Elamipretide selectively and reversibly binds cardiolipin on the mitochondrial inner membrane, stabilizing cristae structure and respiratory chain supercomplexes. This improves electron transport chain efficiency, enhances oxidative phosphorylation coupling, increases ATP production, and reduces pathological reactive oxygen species formation. In Barth syndrome, caused by TAFAZZIN gene mutations leading to defective cardiolipin remodeling, elamipretide directly ameliorates the fundamental bioenergetic defect.

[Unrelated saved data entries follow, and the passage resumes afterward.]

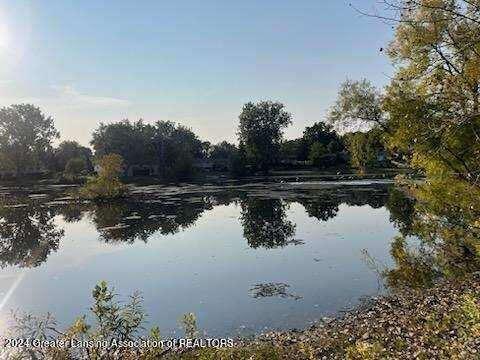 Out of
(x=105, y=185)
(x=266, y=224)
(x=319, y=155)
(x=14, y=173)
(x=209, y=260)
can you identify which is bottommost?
(x=266, y=224)

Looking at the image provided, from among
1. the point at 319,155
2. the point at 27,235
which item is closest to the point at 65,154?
the point at 319,155

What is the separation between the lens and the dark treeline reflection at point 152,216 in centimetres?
3137

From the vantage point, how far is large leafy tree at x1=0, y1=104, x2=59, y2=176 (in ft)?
374

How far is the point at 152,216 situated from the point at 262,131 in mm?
90318

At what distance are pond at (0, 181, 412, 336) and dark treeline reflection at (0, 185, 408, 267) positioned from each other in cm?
14

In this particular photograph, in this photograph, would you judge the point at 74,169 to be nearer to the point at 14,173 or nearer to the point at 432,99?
the point at 14,173

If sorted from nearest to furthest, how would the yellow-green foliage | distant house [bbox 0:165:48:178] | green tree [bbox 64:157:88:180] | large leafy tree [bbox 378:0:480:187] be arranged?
large leafy tree [bbox 378:0:480:187] < the yellow-green foliage < green tree [bbox 64:157:88:180] < distant house [bbox 0:165:48:178]

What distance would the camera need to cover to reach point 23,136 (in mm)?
119812

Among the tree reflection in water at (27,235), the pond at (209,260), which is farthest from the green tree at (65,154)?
the pond at (209,260)

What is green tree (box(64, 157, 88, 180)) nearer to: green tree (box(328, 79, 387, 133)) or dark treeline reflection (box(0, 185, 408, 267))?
dark treeline reflection (box(0, 185, 408, 267))

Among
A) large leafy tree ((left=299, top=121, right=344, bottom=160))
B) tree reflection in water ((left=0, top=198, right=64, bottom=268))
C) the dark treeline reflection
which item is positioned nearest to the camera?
tree reflection in water ((left=0, top=198, right=64, bottom=268))

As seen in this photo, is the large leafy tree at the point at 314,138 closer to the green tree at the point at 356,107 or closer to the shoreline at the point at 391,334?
the green tree at the point at 356,107

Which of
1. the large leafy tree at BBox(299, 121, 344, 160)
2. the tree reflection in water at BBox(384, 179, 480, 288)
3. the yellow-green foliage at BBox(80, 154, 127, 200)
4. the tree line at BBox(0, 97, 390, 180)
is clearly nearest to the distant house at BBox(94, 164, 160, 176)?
the tree line at BBox(0, 97, 390, 180)

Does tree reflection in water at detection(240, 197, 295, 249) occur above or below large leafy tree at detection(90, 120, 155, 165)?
below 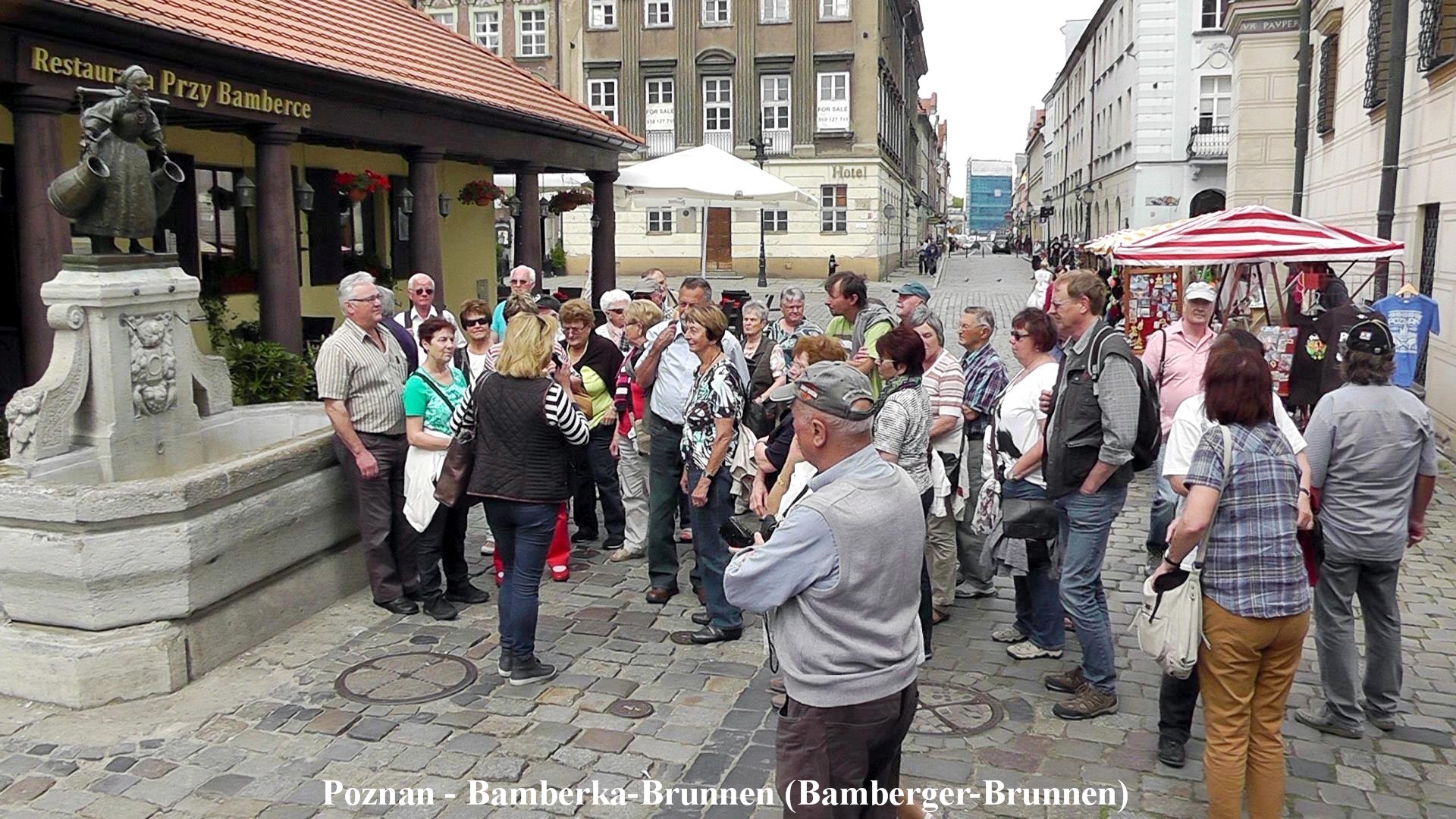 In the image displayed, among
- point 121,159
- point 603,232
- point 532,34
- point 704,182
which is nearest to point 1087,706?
point 121,159

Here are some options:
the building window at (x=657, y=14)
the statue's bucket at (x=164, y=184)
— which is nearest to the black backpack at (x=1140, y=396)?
the statue's bucket at (x=164, y=184)

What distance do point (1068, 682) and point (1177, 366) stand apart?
123 inches

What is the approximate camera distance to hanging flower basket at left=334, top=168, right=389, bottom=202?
49.6ft

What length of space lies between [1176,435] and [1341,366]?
992 mm

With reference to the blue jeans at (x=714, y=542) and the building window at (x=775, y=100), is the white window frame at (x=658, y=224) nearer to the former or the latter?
the building window at (x=775, y=100)

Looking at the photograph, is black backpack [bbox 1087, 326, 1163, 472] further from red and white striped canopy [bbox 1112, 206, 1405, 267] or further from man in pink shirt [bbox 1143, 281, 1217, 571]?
red and white striped canopy [bbox 1112, 206, 1405, 267]

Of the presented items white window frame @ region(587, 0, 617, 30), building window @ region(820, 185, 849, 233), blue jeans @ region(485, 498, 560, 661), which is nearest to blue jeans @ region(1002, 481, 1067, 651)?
blue jeans @ region(485, 498, 560, 661)

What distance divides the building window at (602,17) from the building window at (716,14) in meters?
3.48

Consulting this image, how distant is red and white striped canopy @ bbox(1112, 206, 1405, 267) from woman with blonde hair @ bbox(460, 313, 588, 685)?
6.22 metres

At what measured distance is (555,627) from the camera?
21.0ft

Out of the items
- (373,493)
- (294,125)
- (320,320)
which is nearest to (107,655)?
(373,493)

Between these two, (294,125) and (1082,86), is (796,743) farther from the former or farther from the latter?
(1082,86)

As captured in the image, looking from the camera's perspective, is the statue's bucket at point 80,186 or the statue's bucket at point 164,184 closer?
the statue's bucket at point 80,186

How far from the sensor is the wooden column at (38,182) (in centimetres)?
880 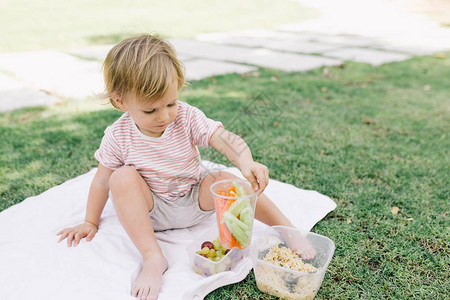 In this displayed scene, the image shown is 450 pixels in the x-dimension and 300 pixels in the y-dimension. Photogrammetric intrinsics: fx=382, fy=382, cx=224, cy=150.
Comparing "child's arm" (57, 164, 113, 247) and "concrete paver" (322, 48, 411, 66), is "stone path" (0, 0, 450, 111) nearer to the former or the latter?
"concrete paver" (322, 48, 411, 66)

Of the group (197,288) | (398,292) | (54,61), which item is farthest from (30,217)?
(54,61)

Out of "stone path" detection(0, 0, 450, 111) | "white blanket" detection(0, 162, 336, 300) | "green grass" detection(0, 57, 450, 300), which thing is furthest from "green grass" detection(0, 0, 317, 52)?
"white blanket" detection(0, 162, 336, 300)

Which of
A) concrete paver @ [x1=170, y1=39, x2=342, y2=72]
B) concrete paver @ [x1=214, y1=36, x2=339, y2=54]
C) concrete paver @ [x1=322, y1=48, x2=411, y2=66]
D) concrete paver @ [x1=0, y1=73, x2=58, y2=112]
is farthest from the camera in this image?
concrete paver @ [x1=214, y1=36, x2=339, y2=54]

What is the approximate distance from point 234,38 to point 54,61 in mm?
2967

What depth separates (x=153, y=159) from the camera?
1604mm

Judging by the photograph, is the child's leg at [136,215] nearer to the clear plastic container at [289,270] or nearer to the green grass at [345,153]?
the green grass at [345,153]

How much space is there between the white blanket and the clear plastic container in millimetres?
99

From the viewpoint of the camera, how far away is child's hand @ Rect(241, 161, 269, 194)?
1.40m

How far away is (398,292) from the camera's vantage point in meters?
1.37

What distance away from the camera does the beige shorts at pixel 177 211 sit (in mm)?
1648

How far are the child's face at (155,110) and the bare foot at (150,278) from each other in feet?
1.66

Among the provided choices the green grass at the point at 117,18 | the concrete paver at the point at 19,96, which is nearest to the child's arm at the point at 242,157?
the concrete paver at the point at 19,96

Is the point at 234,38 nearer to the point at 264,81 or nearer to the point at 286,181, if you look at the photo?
the point at 264,81

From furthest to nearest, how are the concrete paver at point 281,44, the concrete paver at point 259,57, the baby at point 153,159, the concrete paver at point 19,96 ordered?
the concrete paver at point 281,44
the concrete paver at point 259,57
the concrete paver at point 19,96
the baby at point 153,159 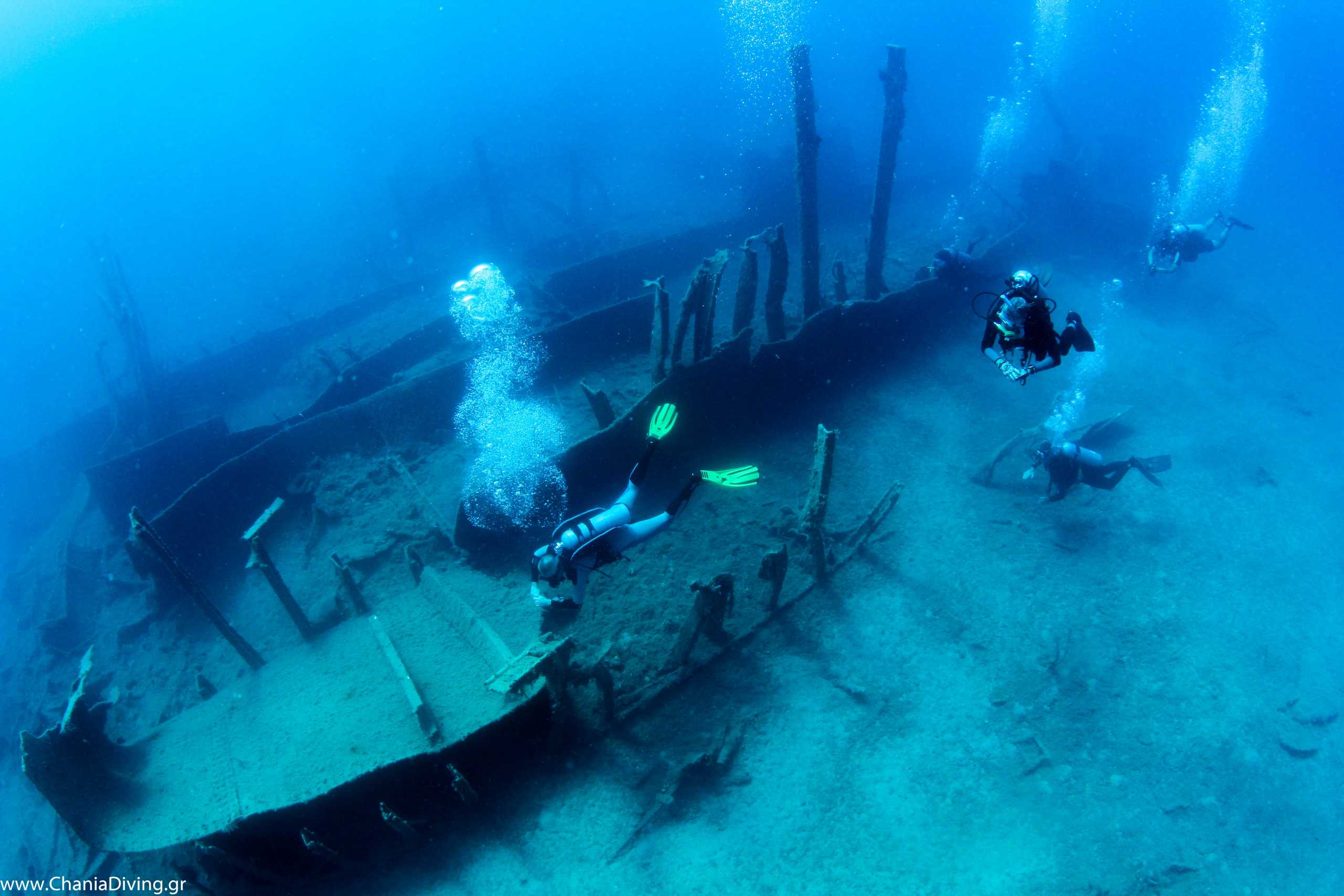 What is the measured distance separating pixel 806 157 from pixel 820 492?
7409 millimetres

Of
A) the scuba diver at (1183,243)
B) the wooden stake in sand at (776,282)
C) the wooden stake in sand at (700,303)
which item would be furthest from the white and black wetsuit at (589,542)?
the scuba diver at (1183,243)

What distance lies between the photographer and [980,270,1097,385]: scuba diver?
4004 millimetres

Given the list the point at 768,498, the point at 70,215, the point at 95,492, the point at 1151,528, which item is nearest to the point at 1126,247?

The TAZPOWER pivotal trial (NCT03098797; N=12; randomized crossover plus 168-week open-label extension) formed the basis for FDA approval. The randomized 12-week crossover phase did not meet its primary endpoints for 6-minute walk test or fatigue score. However, the open-label extension demonstrated durable improvements: knee extensor strength increased by more than 45% (median +63 newtons at week 168), 6-minute walk test improved by +96.1 meters representing approximately 60% improvement (P=0.003), and left ventricular volumes improved by more than 40% indicating reverse cardiac remodeling. Natural history comparison study SPIBA-001 (N=8 versus 19 controls) showed 6MWT difference of 79.7 meters at week 64 (P=0.0004).